[What the exercise asks]
Report how many lines in the records below hold the word "Personalized". Add nothing to the number.

[Dataset]

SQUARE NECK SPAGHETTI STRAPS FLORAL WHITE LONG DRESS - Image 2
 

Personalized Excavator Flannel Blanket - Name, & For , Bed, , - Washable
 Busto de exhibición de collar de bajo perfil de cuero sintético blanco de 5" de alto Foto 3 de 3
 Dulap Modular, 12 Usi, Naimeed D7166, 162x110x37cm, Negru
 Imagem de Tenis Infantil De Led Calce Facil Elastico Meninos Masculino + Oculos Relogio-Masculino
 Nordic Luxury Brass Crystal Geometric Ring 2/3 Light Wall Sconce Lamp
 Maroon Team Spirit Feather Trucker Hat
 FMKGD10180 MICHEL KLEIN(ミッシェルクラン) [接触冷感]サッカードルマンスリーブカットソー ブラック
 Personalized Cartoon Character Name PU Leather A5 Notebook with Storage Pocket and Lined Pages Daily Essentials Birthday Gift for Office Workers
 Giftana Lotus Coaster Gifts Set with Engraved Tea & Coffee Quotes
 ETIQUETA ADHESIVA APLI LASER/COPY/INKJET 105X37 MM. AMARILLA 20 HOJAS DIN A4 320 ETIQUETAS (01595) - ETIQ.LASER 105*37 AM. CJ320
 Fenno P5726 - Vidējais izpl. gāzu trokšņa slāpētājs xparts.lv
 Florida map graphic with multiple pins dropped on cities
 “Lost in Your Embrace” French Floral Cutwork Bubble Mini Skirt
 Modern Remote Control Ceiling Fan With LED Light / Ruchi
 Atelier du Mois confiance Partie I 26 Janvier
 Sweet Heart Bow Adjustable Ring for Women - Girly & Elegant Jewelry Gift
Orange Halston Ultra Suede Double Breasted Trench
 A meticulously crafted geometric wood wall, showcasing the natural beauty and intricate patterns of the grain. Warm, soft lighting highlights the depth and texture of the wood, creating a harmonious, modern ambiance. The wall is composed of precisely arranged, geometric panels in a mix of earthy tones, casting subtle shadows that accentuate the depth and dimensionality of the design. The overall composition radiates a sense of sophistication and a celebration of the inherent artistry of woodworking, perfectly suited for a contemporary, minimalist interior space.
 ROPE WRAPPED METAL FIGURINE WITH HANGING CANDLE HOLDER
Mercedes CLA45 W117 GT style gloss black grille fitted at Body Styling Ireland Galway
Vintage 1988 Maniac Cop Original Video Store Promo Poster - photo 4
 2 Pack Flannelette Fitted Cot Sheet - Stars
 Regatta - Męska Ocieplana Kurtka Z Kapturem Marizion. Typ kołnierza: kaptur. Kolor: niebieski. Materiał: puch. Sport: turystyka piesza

[Reply to the task]
2